16:27fdobridge: <benjaminl> how much of a concern is compiler perf?
16:29fdobridge: <orowith2os> the more done at compile-time, the better :)
16:30fdobridge: <orowith2os> I thought `assert!()` is a runtime check, not a compile-time check?
16:30fdobridge: <orowith2os> or does that depend on the arguments
16:33fdobridge: <orowith2os> iouno
16:36fdobridge: <orowith2os> I figure, if something's wrong, you'll end up blowing up the user's computer rather than the compiler
16:36fdobridge: <benjaminl> I think confusion is probably from whether the compiler we're talking about is rustc or NAK
16:37fdobridge: <benjaminl> `assert!()` is (for all practical purposes) a runtime check from the perspective of rustc, but if we're putting `assert!()` in the NAK code it happens at compile-time for shaders on the user's computer
16:38fdobridge: <orowith2os> I see
16:38fdobridge: <orowith2os> nice thing to know :)
16:38fdobridge: <orowith2os> wouldn't you still not want that assert in NAK, for performance reasons?
16:39fdobridge: <orowith2os> or is that not really a worry
16:39fdobridge: <orowith2os> (or something for Later TM)
16:39fdobridge: <benjaminl> yeah, I was asking gfxstrand about that, my naive guess is that it doesn't matter in practice are are
16:39fdobridge: <benjaminl> yeah, I was asking gfxstrand about that, my naive guess is that it doesn't matter in practice (edited)
16:40fdobridge: <benjaminl> because all the asserts that we actually have are very cheap (and some are probably eliminated by rustc)
16:40fdobridge: <orowith2os> mm, mm
16:40fdobridge: <orowith2os> Later, then
16:40fdobridge: <benjaminl> I don't really have much experience with graphics drivers and shader compilers though, it's possible that I don't know the tradeoffs for perf stuff very well
16:40fdobridge: <orowith2os> can see if it actually has any impact that it's worth changing
16:41fdobridge: <benjaminl> in my own stuff, I usually only switch to `debug_assert!` if it's in a tight inner loop or something, and profiling shows an actual difference
16:41fdobridge: <benjaminl> which is... usually not the case
16:50fdobridge: <orowith2os> I wonder what benchmarking NAK and rusticl would be like, actually
16:50fdobridge: <orowith2os> you can't really `cargo bench`
16:51fdobridge: <orowith2os> sysprof, I guess?

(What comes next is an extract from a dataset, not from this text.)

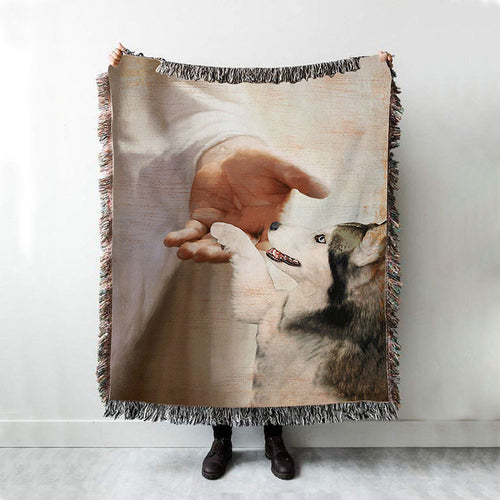 Take My Hand Jesus Siberian Husky Dog Woven Blanket Print - Inspirational Woven Blanket Art - Christian Throw Blanket Home Decor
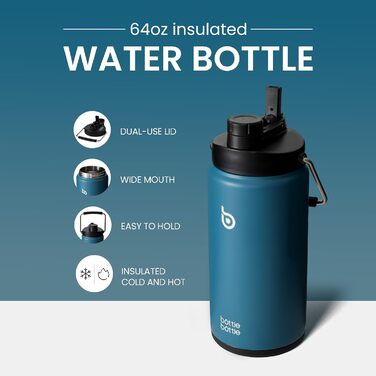 Термос-пляшка з нержавіючої сталі 1,8 л BOTTLE BOTTLE, ізольована, з трубочкою, кришкою, ручкою та відділенням для пігулок, BPA-free, для спорту, фітнесу, туризму, темно-синя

17:15fdobridge: <karolherbst🐧🦀> yeah
17:15fdobridge: <karolherbst🐧🦀> I've used sysprof and hotspot
17:15fdobridge: <karolherbst🐧🦀> sysprof was kinda broken for a long time, but it seems much better now
17:23fdobridge: <orowith2os> mm, I gotta get used to sysprof anyways, considering it's a common occurrence in benchmarking GNOME's stuff like Mutter :v
17:24fdobridge: <karolherbst🐧🦀> ahh yeah, fair
22:46fdobridge: <gfxstrand> I have no idea why but my NAK runs are now suddenly down under an hour. 🤔
22:46fdobridge: <gfxstrand> The only thing I know I changed was not lowering indirect clip distances. That can't possibly be it, though, can it?!?
22:46fdobridge: <gfxstrand> If so, WTF was that slow?!?